=== AVAILABLE DATA ===
—————

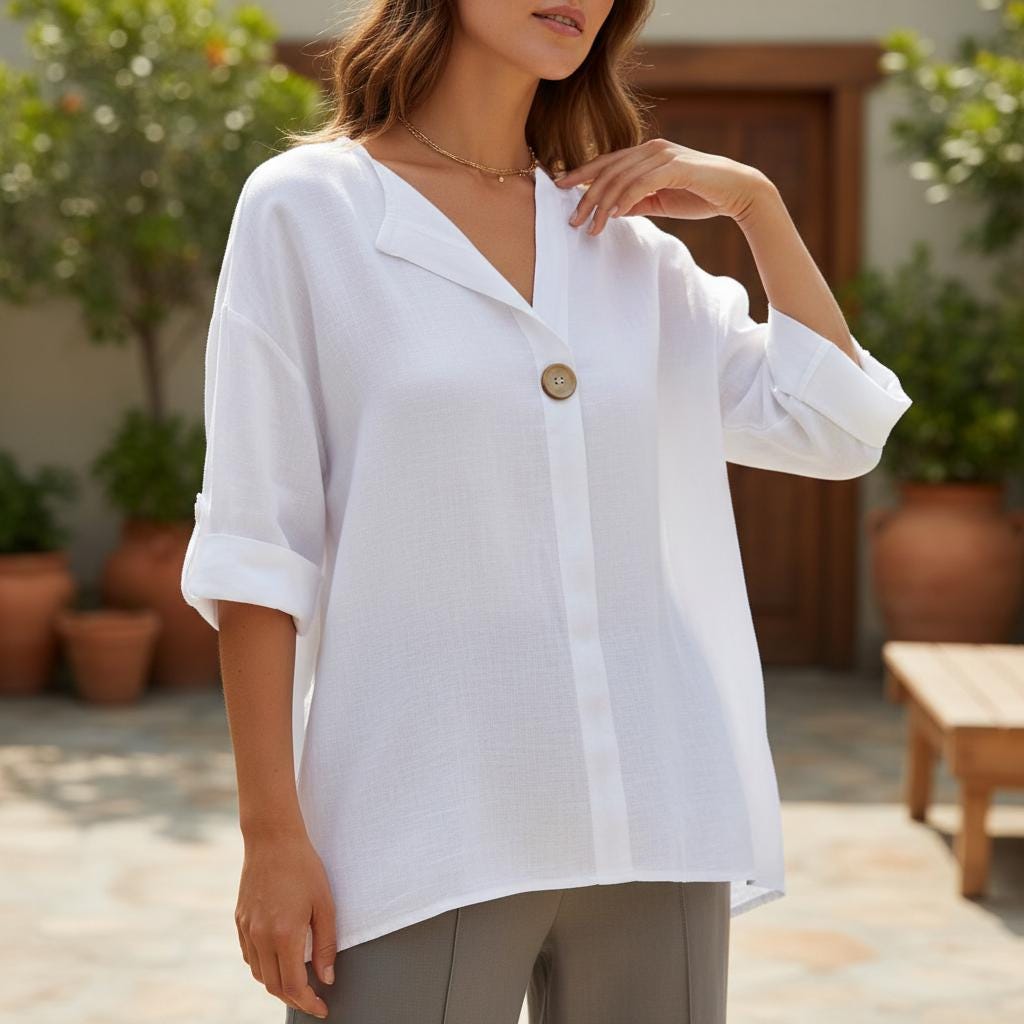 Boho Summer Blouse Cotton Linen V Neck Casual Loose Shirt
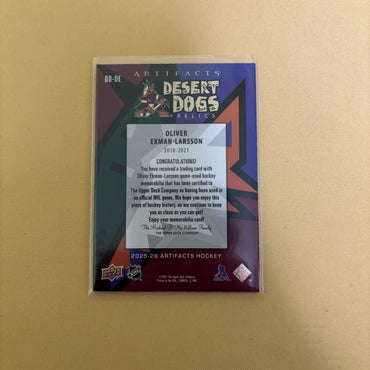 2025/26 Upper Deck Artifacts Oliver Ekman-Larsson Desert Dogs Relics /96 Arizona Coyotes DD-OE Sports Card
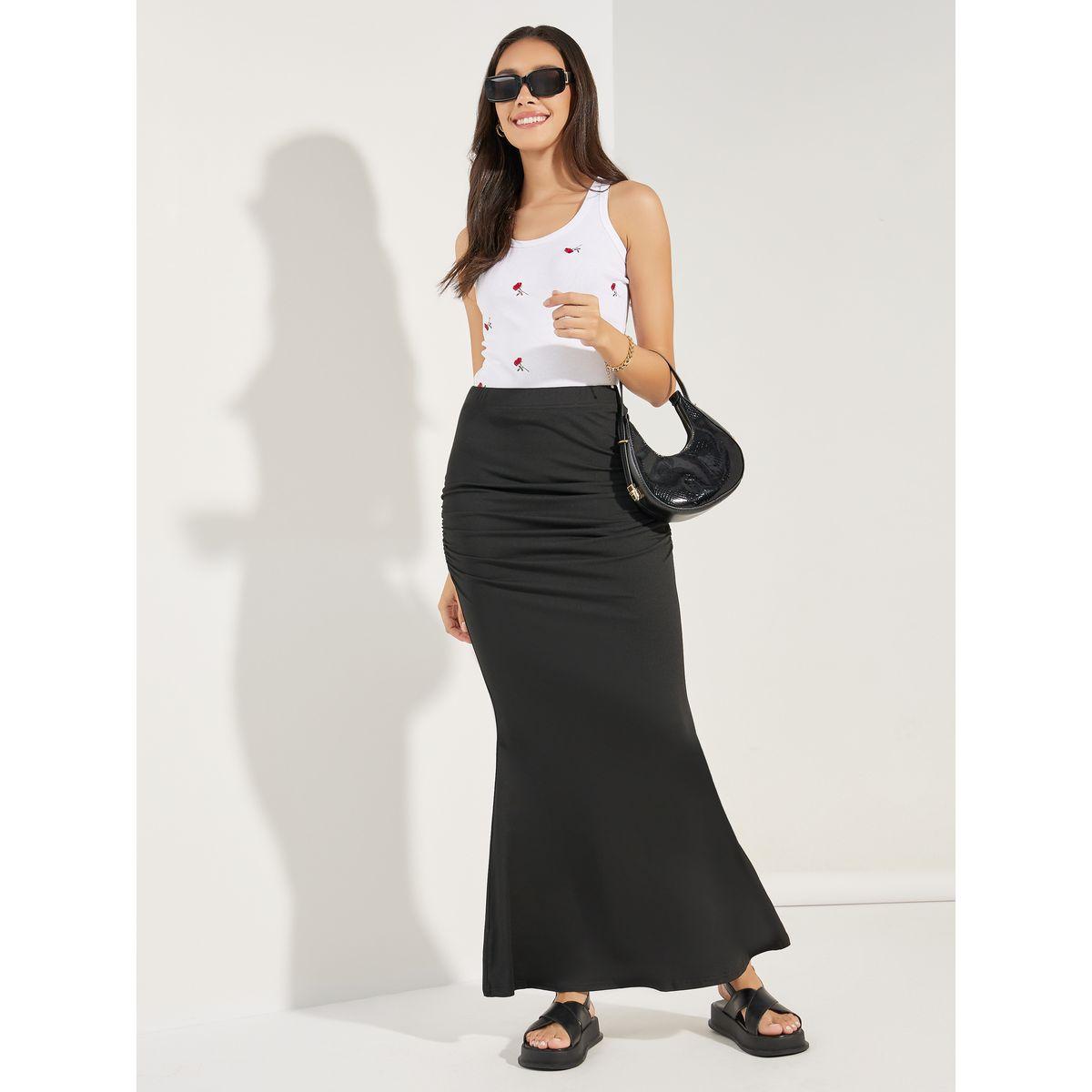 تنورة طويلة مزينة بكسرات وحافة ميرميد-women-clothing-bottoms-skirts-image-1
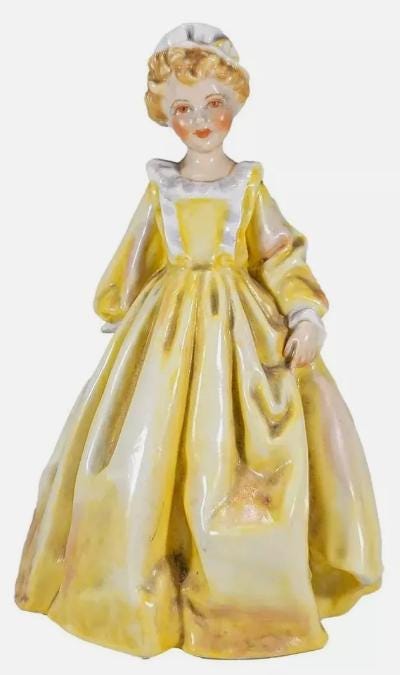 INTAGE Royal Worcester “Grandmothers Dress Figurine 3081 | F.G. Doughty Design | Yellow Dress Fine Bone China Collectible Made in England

—————

=== AIM OF THE EXERCISE ===
Restate the listing word for word. Pictures do not belong in the copy.

=== REPLY TO THE TASK ===
 Boho Summer Blouse Cotton Linen V Neck Casual Loose Shirt
 2025/26 Upper Deck Artifacts Oliver Ekman-Larsson Desert Dogs Relics /96 Arizona Coyotes DD-OE Sports Card
 تنورة طويلة مزينة بكسرات وحافة ميرميد-women-clothing-bottoms-skirts-image-1
 INTAGE Royal Worcester “Grandmothers Dress Figurine 3081 | F.G. Doughty Design | Yellow Dress Fine Bone China Collectible Made in England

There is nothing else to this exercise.